§ **What is required**: Copy the data below verbatim, leaving no line out.

§ **Materials provided**:
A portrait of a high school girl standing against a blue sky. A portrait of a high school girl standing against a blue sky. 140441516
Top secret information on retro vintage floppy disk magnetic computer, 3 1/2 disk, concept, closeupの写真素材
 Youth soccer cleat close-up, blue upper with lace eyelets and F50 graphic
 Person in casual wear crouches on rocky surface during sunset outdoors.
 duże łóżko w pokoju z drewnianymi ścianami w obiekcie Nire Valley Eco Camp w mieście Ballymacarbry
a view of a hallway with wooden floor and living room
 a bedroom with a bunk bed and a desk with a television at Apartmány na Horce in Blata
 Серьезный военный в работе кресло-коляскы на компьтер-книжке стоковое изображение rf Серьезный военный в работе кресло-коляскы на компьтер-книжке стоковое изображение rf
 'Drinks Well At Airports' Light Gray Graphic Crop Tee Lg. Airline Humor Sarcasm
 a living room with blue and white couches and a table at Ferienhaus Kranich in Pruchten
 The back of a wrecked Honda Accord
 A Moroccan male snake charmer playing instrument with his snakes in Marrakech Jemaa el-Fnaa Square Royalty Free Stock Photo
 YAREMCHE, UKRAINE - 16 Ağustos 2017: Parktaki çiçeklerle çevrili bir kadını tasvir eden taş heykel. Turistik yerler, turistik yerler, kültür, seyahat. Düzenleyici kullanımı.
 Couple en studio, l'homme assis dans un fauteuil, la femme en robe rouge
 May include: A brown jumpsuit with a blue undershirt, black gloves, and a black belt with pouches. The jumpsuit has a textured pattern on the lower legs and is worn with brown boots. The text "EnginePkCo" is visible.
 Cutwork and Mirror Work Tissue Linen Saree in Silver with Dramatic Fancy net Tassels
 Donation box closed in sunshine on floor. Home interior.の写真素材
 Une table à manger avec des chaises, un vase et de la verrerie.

§ **Solution to the exercise**:
A portrait of a high school girl standing against a blue sky. A portrait of a high school girl standing against a blue sky. 140441516
Top secret information on retro vintage floppy disk magnetic computer, 3 1/2 disk, concept, closeupの写真素材
 Youth soccer cleat close-up, blue upper with lace eyelets and F50 graphic
 Person in casual wear crouches on rocky surface during sunset outdoors.
 duże łóżko w pokoju z drewnianymi ścianami w obiekcie Nire Valley Eco Camp w mieście Ballymacarbry
a view of a hallway with wooden floor and living room
 a bedroom with a bunk bed and a desk with a television at Apartmány na Horce in Blata
 Серьезный военный в работе кресло-коляскы на компьтер-книжке стоковое изображение rf Серьезный военный в работе кресло-коляскы на компьтер-книжке стоковое изображение rf
 'Drinks Well At Airports' Light Gray Graphic Crop Tee Lg. Airline Humor Sarcasm
 a living room with blue and white couches and a table at Ferienhaus Kranich in Pruchten
 The back of a wrecked Honda Accord
 A Moroccan male snake charmer playing instrument with his snakes in Marrakech Jemaa el-Fnaa Square Royalty Free Stock Photo
 YAREMCHE, UKRAINE - 16 Ağustos 2017: Parktaki çiçeklerle çevrili bir kadını tasvir eden taş heykel. Turistik yerler, turistik yerler, kültür, seyahat. Düzenleyici kullanımı.
 Couple en studio, l'homme assis dans un fauteuil, la femme en robe rouge
 May include: A brown jumpsuit with a blue undershirt, black gloves, and a black belt with pouches. The jumpsuit has a textured pattern on the lower legs and is worn with brown boots. The text "EnginePkCo" is visible.
 Cutwork and Mirror Work Tissue Linen Saree in Silver with Dramatic Fancy net Tassels
 Donation box closed in sunshine on floor. Home interior.の写真素材
 Une table à manger avec des chaises, un vase et de la verrerie.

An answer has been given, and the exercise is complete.